1. Field of the Invention
The present invention relates to an ink jet recording method, particularly to an ink jet recording method suitable for forming a high quality image at high speed by curing using a plurality of liquids.
2. Description of the Related Art
An ink jet system that ejects ink from an ink jetting port such as a nozzle is used in many printers for the reason that it is small-sized and inexpensive and it can form an image without contact between the ink jet system and a printing medium. Among these ink jet systems, a piezo ink jet system that utilizes the deformation of a piezo element to jet ink and a thermal ink jet system that utilizes a boiling phenomenon of ink which is caused by thermal energy have high resolution and high-speed printing ability.
Currently, it is important tasks to attain high-speed printing and high image quality when the ink is jetten on a plain paper or non-water absorbing recording media such as plastic.
In ink jet recording, ink (liquid) droplets are continuously ejected as droplet n1, droplet n2, droplet n3, . . . , and droplet nx, to form a line or an image composed of the droplet n1, droplet n2, droplet n3, . . . , and droplet nx on a recording medium. However, ink jet recording has some practical problems; if drying of the jetted droplets takes a long time, the formed image tends to blur, and the adjacent ink droplets n1 and n2 may be mixed to hinder the formation of a sharp image. Furthermore, when a non-water absorbing recording medium is used, drying of ink solvents is so slow that the recorded sheets cannot be stacked immediately after printing until the solvents dry. If droplets are mixed, adjacently jetted droplets may coalesce to migrate from the point of deposition. This causes uneven line width in forming a thin line, and color unevenness in forming a colored surface.
One of the method for preventing printing problems such as image blurring and uneven line width is the acceleration of ink curing. For example, a technique of curing and fixing of ink not by evaporating the ink solvent but by irradiation has been supposed. More specifically, a two-liquid type ink, which achieves both the storage stability and rapid drying property of an image, is used, and the two liquids react with each other on a recording medium. For example, a method of jetting an ink containing an anionic dye after applying a liquid containing a basic polymer as described in Japanese Patent Application Laid-Open (JP-A) No. 63-60783, a method of applying an ink containing an anionic compound and a coloring material after applying a liquid composition containing a cationic substance as described in JP-A No. 8-174997, and a recording method using an ink containing a light-curable resin and a photopolymerization initiator as described in U.S. Pat. No. 3,478,495 are disclosed.
Although these methods can prevent image blurring to some degree, they are not sufficient for preventing uneven line width, color unevenness or other problems caused by mixing of ink droplets. Furthermore, aqueous solvents used in these methods dry slowly, and jetted dyes tend to be unevenly distributed, and then the image quality may deteriorate.

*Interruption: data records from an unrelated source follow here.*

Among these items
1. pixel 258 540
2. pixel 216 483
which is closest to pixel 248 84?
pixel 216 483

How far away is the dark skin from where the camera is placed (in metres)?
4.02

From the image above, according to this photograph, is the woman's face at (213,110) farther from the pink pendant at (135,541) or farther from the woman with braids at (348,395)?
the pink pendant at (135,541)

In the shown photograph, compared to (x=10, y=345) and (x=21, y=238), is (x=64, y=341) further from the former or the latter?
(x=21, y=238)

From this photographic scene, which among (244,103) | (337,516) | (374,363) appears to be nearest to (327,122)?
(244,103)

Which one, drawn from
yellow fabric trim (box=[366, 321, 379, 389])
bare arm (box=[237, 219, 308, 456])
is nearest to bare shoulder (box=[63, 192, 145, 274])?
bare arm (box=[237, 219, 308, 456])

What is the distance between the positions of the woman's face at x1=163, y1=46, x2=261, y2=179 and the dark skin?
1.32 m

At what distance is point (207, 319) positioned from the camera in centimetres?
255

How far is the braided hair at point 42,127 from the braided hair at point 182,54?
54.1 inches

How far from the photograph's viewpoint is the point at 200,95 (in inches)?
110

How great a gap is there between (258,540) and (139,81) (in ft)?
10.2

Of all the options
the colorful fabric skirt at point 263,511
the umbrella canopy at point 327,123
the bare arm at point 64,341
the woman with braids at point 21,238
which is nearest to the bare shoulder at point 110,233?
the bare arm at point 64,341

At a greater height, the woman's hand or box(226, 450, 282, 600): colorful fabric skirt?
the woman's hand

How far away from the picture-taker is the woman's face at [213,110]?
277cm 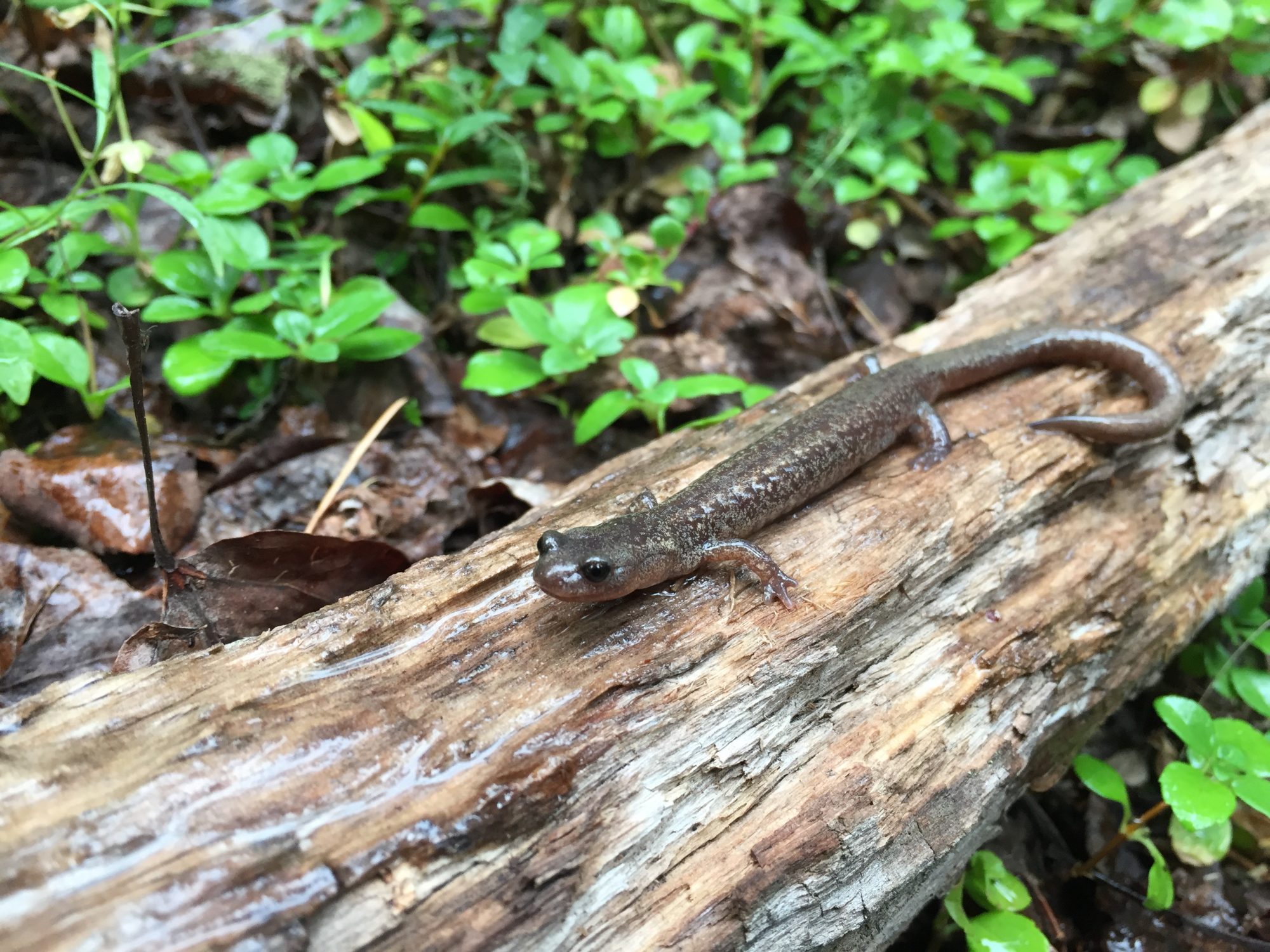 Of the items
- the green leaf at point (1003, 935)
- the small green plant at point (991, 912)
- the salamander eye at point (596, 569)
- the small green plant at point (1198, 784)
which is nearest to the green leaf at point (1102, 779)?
the small green plant at point (1198, 784)

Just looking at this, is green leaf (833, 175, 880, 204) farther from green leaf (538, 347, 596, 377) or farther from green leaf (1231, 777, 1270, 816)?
green leaf (1231, 777, 1270, 816)

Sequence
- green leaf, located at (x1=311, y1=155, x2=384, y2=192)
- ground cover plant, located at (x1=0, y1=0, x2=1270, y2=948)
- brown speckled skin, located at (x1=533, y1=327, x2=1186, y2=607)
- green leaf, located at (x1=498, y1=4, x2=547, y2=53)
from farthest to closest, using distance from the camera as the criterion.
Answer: green leaf, located at (x1=498, y1=4, x2=547, y2=53) → green leaf, located at (x1=311, y1=155, x2=384, y2=192) → ground cover plant, located at (x1=0, y1=0, x2=1270, y2=948) → brown speckled skin, located at (x1=533, y1=327, x2=1186, y2=607)

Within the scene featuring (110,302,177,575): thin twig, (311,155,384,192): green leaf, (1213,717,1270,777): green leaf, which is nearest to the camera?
(110,302,177,575): thin twig

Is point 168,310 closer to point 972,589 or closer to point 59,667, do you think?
point 59,667

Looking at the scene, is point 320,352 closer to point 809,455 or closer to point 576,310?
point 576,310

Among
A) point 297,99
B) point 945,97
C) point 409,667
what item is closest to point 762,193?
point 945,97

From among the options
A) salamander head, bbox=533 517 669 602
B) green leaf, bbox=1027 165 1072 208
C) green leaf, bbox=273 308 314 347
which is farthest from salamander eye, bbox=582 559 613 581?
green leaf, bbox=1027 165 1072 208

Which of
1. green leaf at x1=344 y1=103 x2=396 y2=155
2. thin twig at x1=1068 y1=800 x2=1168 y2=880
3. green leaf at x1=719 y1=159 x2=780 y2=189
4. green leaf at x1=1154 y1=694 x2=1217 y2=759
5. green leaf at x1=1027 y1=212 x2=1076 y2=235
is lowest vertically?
thin twig at x1=1068 y1=800 x2=1168 y2=880

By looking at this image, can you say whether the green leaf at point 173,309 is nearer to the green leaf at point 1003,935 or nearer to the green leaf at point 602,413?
the green leaf at point 602,413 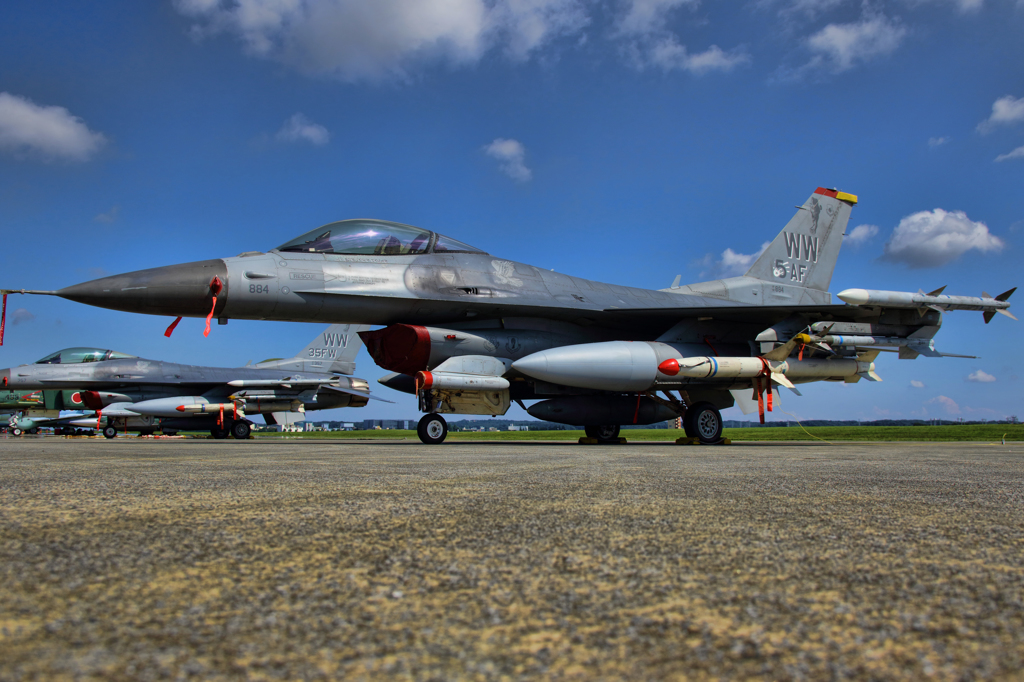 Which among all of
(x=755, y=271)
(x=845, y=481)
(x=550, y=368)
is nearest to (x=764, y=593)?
(x=845, y=481)

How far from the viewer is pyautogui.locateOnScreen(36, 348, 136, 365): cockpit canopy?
1753 cm

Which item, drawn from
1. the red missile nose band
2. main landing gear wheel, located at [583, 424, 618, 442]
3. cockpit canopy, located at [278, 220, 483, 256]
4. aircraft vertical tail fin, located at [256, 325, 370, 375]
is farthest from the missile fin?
aircraft vertical tail fin, located at [256, 325, 370, 375]

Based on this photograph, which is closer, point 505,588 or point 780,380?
point 505,588

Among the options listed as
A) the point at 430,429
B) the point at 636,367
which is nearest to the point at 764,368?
the point at 636,367

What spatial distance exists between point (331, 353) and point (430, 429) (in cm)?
1556

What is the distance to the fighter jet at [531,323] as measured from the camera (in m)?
7.88

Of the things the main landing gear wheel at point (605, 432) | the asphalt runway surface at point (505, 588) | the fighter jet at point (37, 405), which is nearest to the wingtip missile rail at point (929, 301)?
the main landing gear wheel at point (605, 432)

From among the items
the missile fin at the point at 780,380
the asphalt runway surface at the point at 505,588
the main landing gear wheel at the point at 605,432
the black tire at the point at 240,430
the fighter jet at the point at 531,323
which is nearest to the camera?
the asphalt runway surface at the point at 505,588

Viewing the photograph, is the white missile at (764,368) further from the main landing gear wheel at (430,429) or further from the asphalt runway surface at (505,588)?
the asphalt runway surface at (505,588)

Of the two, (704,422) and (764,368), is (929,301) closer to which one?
(764,368)

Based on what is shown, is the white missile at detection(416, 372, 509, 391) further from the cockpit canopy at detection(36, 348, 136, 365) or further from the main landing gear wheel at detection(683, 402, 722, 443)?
the cockpit canopy at detection(36, 348, 136, 365)

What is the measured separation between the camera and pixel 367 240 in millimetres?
8625

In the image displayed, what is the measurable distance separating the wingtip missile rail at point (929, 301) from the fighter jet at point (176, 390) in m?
15.6

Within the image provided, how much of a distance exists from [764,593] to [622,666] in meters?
0.42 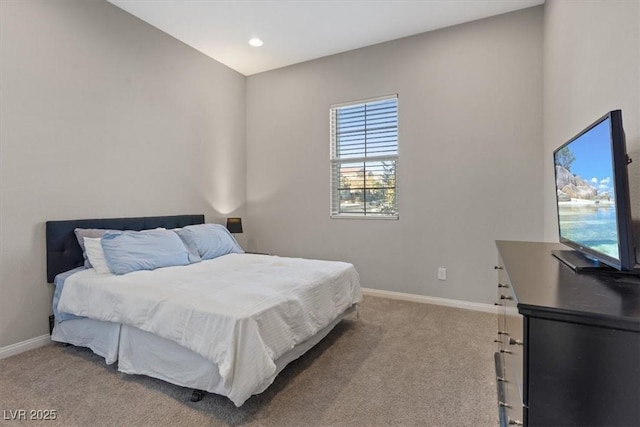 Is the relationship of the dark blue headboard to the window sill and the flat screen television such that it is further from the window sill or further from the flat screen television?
the flat screen television

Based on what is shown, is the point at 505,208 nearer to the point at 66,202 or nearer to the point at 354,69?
the point at 354,69

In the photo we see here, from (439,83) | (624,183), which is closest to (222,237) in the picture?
(439,83)

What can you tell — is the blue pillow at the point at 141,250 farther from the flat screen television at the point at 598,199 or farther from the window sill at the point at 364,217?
the flat screen television at the point at 598,199

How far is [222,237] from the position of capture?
3479 mm

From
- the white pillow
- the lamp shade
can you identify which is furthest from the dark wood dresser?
the lamp shade

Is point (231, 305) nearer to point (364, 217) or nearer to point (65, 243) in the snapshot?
point (65, 243)

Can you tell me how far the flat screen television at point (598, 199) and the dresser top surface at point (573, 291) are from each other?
62mm

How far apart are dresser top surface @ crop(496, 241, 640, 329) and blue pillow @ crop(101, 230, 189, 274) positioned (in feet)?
8.36

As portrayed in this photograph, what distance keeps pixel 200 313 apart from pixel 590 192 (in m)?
1.95

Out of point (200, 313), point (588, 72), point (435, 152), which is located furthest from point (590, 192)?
point (435, 152)

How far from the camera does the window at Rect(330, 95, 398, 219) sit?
383 cm

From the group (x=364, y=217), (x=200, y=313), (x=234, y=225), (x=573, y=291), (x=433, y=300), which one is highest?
(x=364, y=217)

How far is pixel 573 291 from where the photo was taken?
95 centimetres

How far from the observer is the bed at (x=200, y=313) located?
1.67 meters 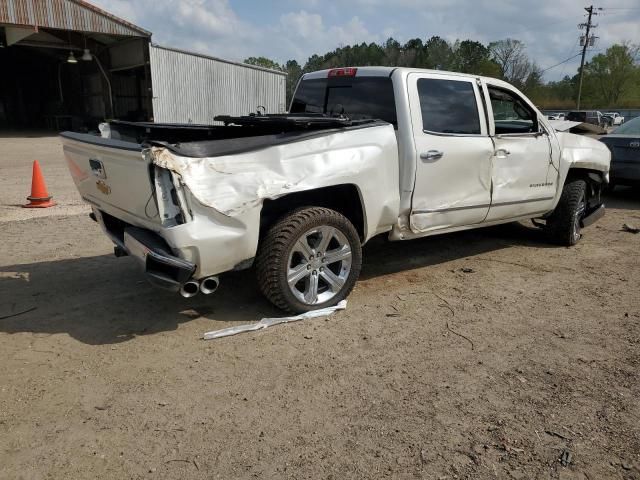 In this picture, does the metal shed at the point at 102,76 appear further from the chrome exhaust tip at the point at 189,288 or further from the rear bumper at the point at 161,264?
the chrome exhaust tip at the point at 189,288

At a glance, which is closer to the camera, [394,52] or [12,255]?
[12,255]

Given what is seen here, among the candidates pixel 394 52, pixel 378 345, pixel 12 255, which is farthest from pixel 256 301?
pixel 394 52

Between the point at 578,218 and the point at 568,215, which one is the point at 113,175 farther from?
the point at 578,218

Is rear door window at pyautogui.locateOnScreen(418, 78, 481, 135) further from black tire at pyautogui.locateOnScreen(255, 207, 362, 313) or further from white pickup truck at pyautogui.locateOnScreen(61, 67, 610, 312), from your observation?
black tire at pyautogui.locateOnScreen(255, 207, 362, 313)

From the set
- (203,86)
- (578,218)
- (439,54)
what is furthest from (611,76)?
(578,218)

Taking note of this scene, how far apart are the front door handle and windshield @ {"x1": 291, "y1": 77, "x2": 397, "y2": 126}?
0.37m

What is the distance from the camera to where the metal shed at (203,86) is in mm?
21875

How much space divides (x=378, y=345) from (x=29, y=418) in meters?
2.18

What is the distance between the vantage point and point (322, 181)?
12.3 feet

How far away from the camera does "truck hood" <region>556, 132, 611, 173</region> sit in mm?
5879

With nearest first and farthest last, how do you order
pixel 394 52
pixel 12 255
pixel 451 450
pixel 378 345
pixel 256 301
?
pixel 451 450 → pixel 378 345 → pixel 256 301 → pixel 12 255 → pixel 394 52

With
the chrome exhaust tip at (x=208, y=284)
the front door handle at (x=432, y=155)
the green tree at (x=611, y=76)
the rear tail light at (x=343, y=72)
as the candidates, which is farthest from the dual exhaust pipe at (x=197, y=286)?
the green tree at (x=611, y=76)

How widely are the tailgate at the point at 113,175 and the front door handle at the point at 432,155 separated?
2.30m

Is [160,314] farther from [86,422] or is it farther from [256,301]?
[86,422] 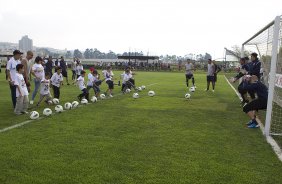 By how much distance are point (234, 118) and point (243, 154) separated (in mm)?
4351

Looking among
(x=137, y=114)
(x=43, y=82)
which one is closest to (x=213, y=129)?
(x=137, y=114)

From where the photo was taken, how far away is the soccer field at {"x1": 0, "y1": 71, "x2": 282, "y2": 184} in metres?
5.16

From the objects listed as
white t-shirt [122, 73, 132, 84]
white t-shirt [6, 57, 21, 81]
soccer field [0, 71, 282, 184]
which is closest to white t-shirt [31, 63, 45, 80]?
white t-shirt [6, 57, 21, 81]

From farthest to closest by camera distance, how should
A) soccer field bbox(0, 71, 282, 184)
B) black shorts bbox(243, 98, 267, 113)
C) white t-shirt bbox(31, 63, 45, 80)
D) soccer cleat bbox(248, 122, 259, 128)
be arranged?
white t-shirt bbox(31, 63, 45, 80) → soccer cleat bbox(248, 122, 259, 128) → black shorts bbox(243, 98, 267, 113) → soccer field bbox(0, 71, 282, 184)

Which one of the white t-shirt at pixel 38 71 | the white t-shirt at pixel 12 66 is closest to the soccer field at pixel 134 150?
the white t-shirt at pixel 12 66

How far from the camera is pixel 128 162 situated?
19.0ft

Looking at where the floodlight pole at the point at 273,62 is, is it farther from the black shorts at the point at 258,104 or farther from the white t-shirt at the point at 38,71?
the white t-shirt at the point at 38,71

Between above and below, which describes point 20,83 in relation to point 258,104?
above

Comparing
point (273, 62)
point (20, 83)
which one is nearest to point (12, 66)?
point (20, 83)

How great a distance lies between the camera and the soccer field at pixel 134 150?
5.16 metres

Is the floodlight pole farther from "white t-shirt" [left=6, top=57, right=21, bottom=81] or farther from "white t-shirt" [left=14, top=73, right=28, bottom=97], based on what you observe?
"white t-shirt" [left=6, top=57, right=21, bottom=81]

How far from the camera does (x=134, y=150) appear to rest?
656 centimetres

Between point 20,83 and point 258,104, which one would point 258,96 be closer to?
point 258,104

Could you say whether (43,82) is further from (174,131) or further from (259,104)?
(259,104)
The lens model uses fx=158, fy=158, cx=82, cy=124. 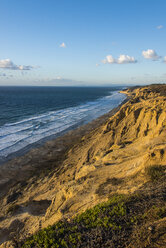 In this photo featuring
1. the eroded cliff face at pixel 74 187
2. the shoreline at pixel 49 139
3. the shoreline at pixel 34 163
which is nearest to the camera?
the eroded cliff face at pixel 74 187

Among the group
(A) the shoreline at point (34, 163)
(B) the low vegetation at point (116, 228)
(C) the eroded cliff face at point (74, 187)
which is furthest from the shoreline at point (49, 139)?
(B) the low vegetation at point (116, 228)

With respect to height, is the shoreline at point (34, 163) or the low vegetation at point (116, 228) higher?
the low vegetation at point (116, 228)

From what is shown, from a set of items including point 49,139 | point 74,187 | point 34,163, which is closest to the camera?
point 74,187

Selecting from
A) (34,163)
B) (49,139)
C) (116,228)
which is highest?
(116,228)

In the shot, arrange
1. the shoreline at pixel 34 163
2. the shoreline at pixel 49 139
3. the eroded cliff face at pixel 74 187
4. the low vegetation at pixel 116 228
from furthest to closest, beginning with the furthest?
the shoreline at pixel 49 139, the shoreline at pixel 34 163, the eroded cliff face at pixel 74 187, the low vegetation at pixel 116 228

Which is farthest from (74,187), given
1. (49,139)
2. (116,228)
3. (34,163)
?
(49,139)

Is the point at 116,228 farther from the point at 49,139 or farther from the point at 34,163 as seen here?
the point at 49,139

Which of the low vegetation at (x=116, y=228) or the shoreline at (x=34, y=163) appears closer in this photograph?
the low vegetation at (x=116, y=228)

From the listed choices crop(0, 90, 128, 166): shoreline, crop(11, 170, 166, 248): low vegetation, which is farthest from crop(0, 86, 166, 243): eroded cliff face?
crop(0, 90, 128, 166): shoreline

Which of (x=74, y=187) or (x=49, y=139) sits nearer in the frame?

As a technique with regard to the above-described problems, a method of curing and fixing an ink, which contains a pigment as the coloring component, by irradiation is described in JP-A No. 8-218018. In the method, a pixel is formed using either an ink containing a solidifying monomer or an ink containing a pigment dispersion, subsequently another pixel is formed using the remaining ink at the same point with the above-described image, and the inks are cured with ultraviolet light, electron beam or the like.
Furthermore, in a method as described in JP-A No. 2001-348519, an ink composition containing water, a reactive monomer, a colorant, and other components and an aggregating solution containing a coagulant causing coagulation are used, wherein the above-described coagulating solution is applied to a recording medium, and thereon the above-described ink composition is applied. Furthermore, a method of applying an ink composition containing a monomer after applying a reaction liquid containing a photopolymerization initiator all over the surface, and curing by ultraviolet radiation is described in U.S. Pat. No. 3,642,152.
In addition to the above-described methods, a method of overlappedly jetting two separate inks is described in JP-A No. 2000-135781.